─── Input records
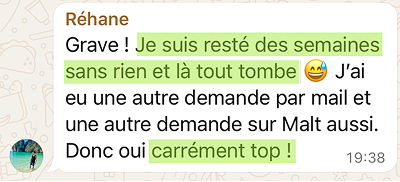 Victoire client Produscale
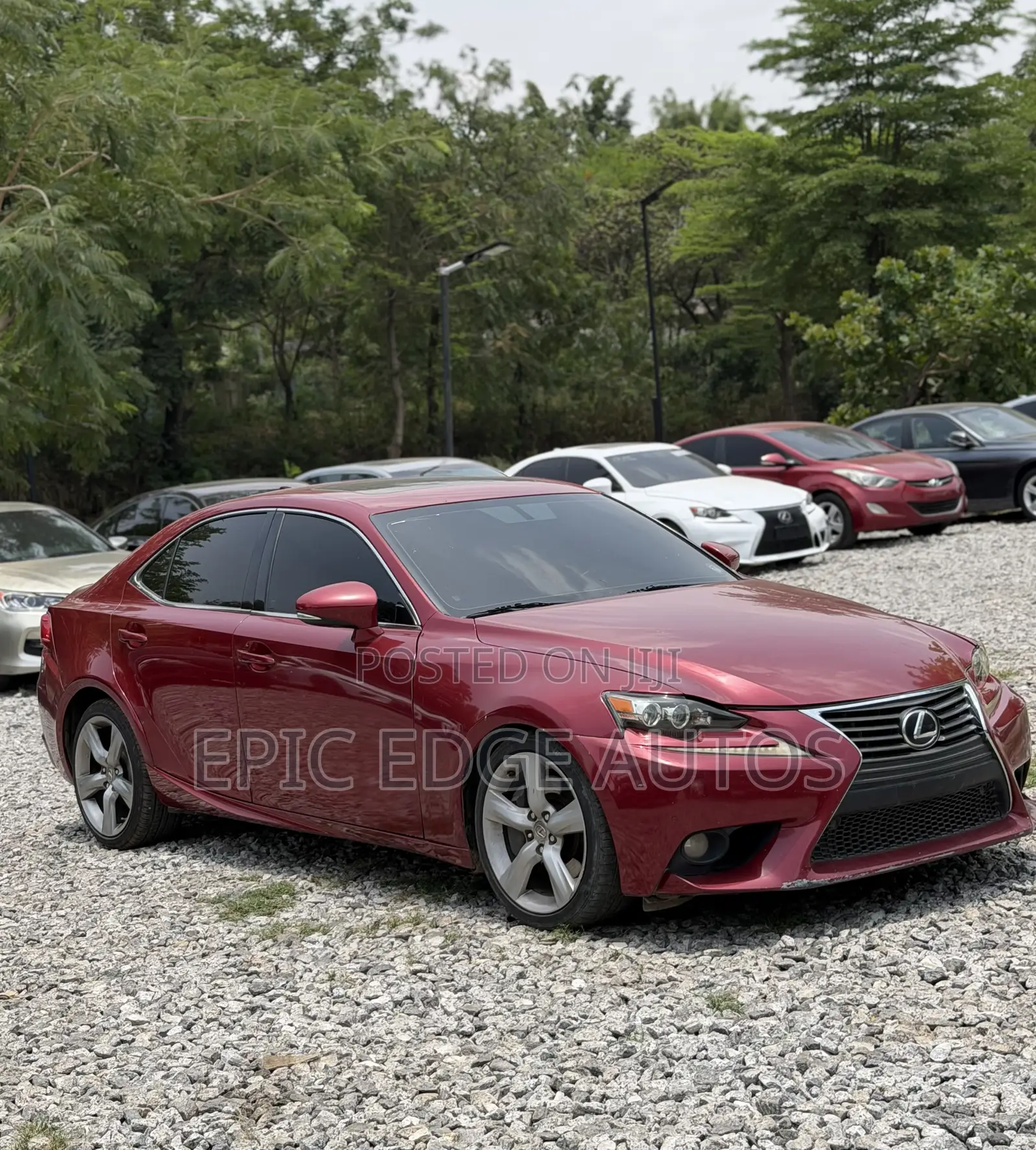 Lexus IS 350 AWD 2014 Burgundy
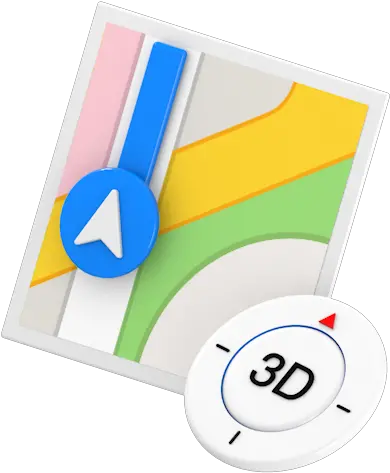  Appleu0027s 3d Icons Icon Png Ios 6 Maps Icon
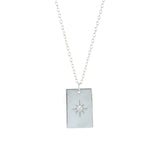 Zircon Pendant Necklace for Women Elegant Jewelry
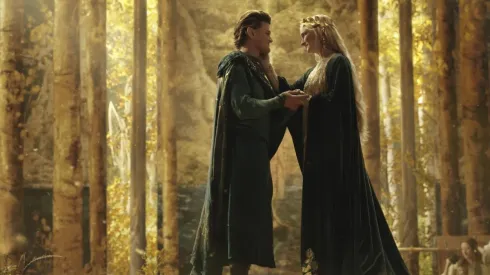 Elrond y Galadriel, dos personajes conocidos por los fans.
──────
In the answer, retype exactly and only the lines from the one holding "Appleu0027s 3d Icons" through the end of the listing, keeping both ends and dropping every picture.

  Appleu0027s 3d Icons Icon Png Ios 6 Maps Icon
 Zircon Pendant Necklace for Women Elegant Jewelry
 Elrond y Galadriel, dos personajes conocidos por los fans.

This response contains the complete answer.